DIŞ YATIRIM UYUŞTURUCU GİBİDİR
Dolayısıyla, gelişme ve kalkınmasını sadece dış yardım ve dış yatırımlara bağlayan bir ülkenin, uyuşturucuya bağımlı bir insana benzemektedir. Zira; dış yardımlar bir uyuşturucu gibidir. Az verildiğinde faydalı ve rahatlatıcı, çok verildiğinde ise hastayı iyileştirmek yerine hastada alışkanlık yaratarak daha fazla ölümcül hale sokar. Uyuşturucu bağımlılığından kurtulmak isteyen bir hasta nasıl acı çekerse, borç batağından kurtulmak isteyen bir ülkede sürekli ekonomik krizlerle karşı karşıya kalarak acıyı da halkına çektirmektedir. İşte, gerek Dünya Bankası, gerekse ikiz kuruluşu IMF; kendilerine baş vuran ulusları iki ayakları üzerinde durmayı değil, daha büyük miktarlarda yeni borçların nasıl alınabileceğini öğretmektedir. IMF reçetelerine boyun eğen ulusların ne ekonomisi gelişmekte ne de yurttaşlarının yaşam koşulları düzelmektedir. Sadece güncel ödemeler dengesi sorunları geçici bir süre için rahatlatılarak sorunlar devamlı olarak daha ileri bir süreye ertelemektedir.

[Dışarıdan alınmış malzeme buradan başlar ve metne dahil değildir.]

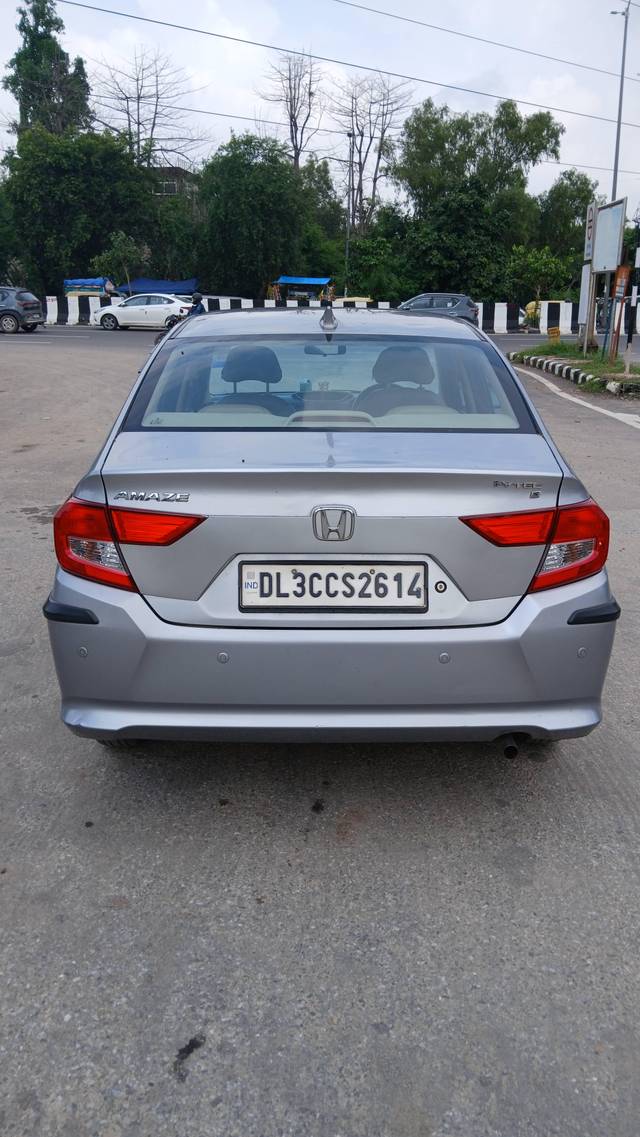 https://images10.gaadi.com/usedcar_image/4182096/original/processed_5bda88f8aadf7fec99c1ac3777323d75.jpg?imwidth=6401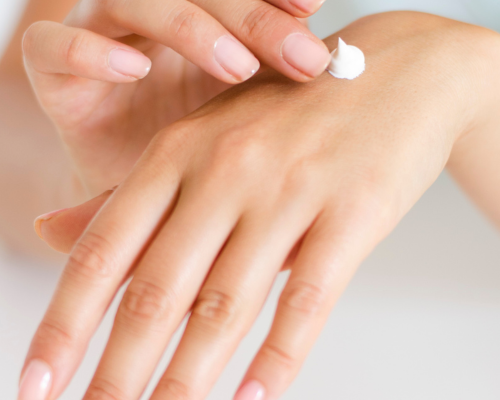 Mani secche e screpolate: guida a cause, segni e rimedi 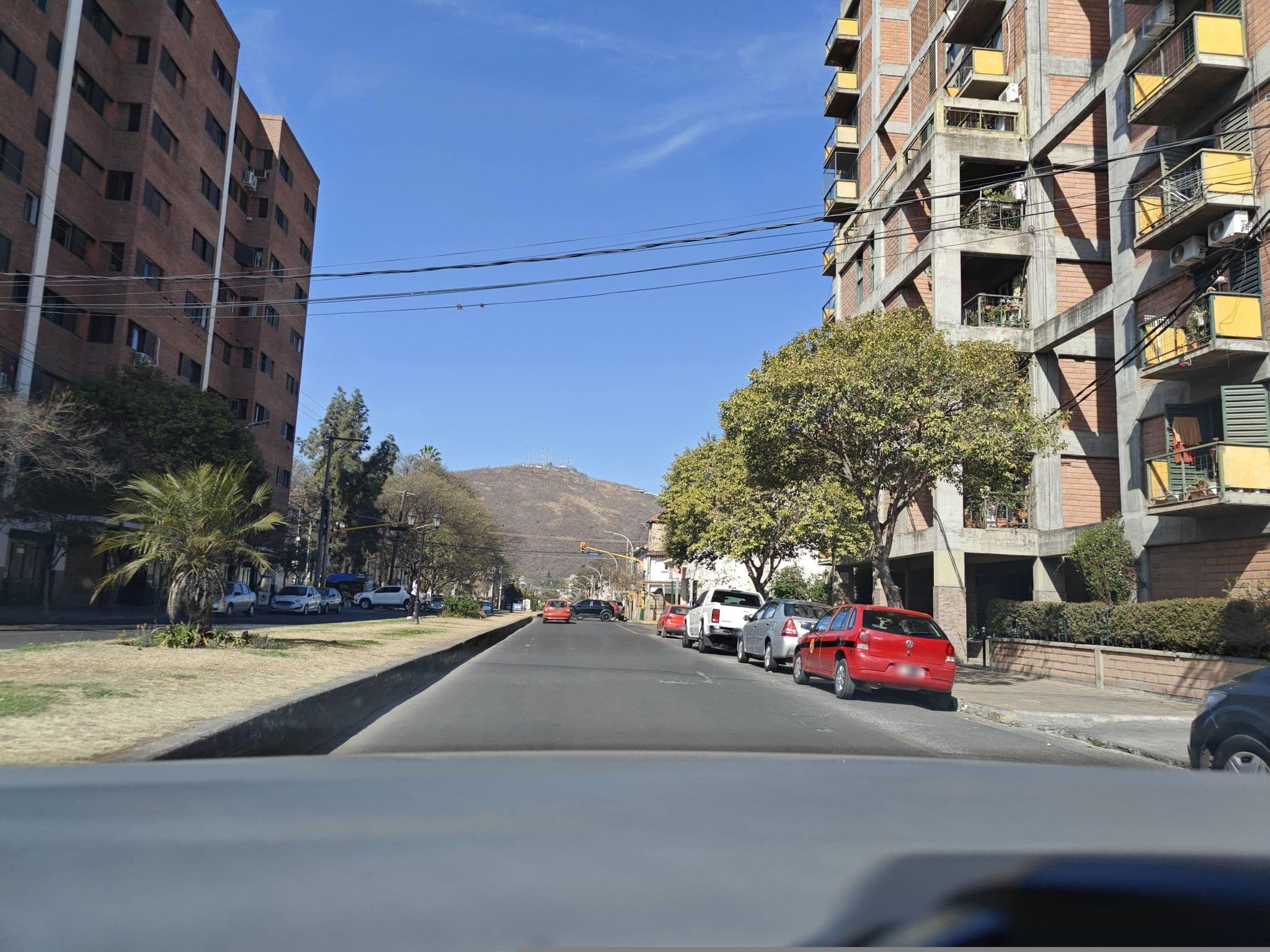 Street view near Quovadis Hostel, Salta — © jacodw (CC BY-SA · Mapillary)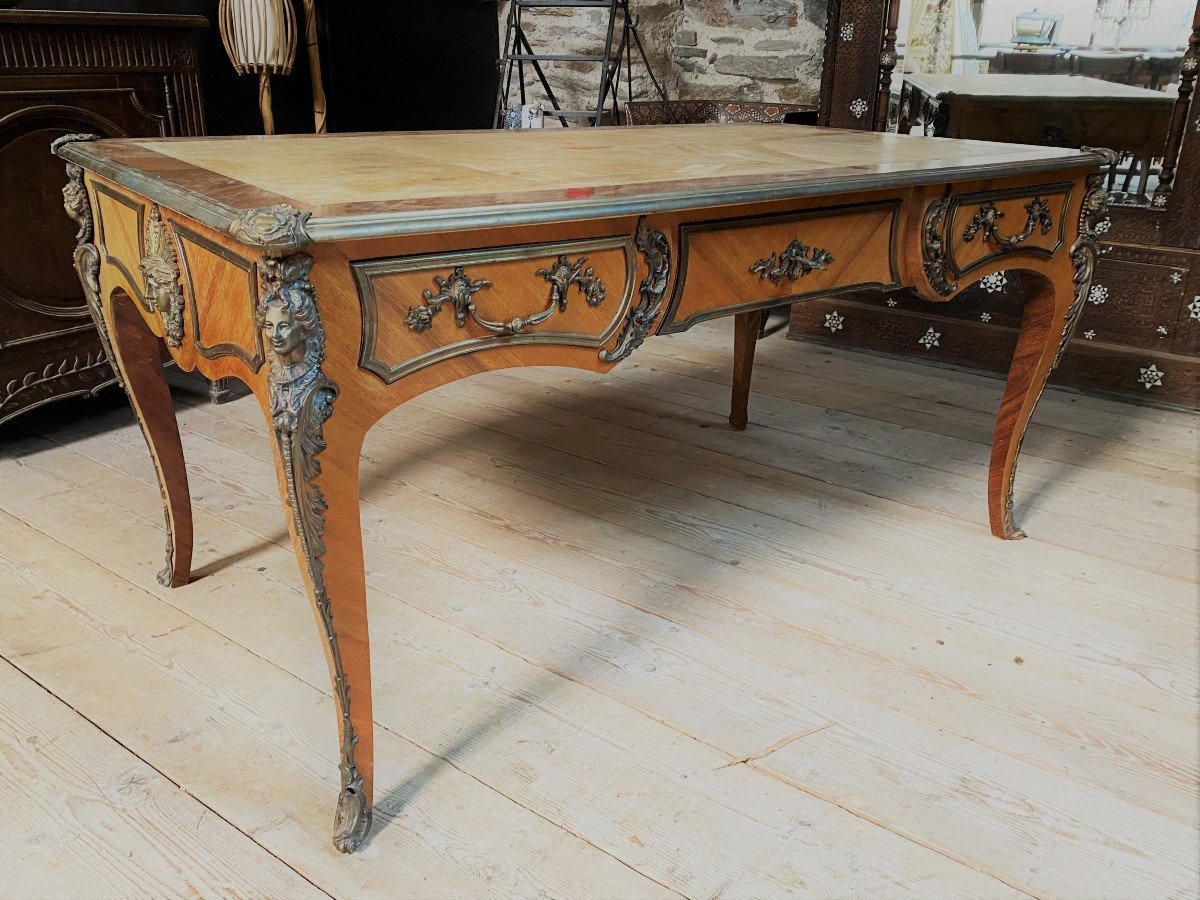 Bureau Plat Style Louis XV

Öte yandan, IMF; parayı en çok ihtiyacı olan ülkelere değil, uluslararası finans ve ticaret sistemine en çok zarar veren ülkelere verdiği gibi, belli bir süreden sonra verdiği paraların sadece eski borçların kapatılması amacıyla verdiği unutulmamalıdır. IMF reçetelerini uygulayan ülkelere genellikle yeni ve cömert krediler verilerek ya da eski borçlar ertelenerek ödüllendirilir. Yani sürekli borçlandırılmak bir yerde ödüllendirilme olarak değerlendirilmektedir. Bu nedenle dünyada kendi kendine yeterli kaynaklara sahip az sayıdaki ülkelerden birisi olan ülkemiz, öncelikle yolsuzlukların önüne geçerek; gerek IMF gerekse Dünya Bankası ile olan ilişkilerini bir an öce kesip; Kore örneğinde olduğu gibi kendi kendine yeterlilik ilkesini kabul ederek, kendi öz gücüne ve öz kaynaklarına dönüp lüks mallar dış alımı yerine, dış satım ağırlıklı ekonomik politikalarını belirleyerek ona göre çalışmalarına yön vermelidir. Çünkü; IMF kaynakları aynı zamanda yolsuzluğun en önemli kaynağından birisidir.
Kudret Ulusoy
Ülke Kaynaklarını İzleme ve Koruma (ÜKİK)Derneği Başkanı

Hiç yorum yok:

Yorum Gönder

SESSİZ KALMA.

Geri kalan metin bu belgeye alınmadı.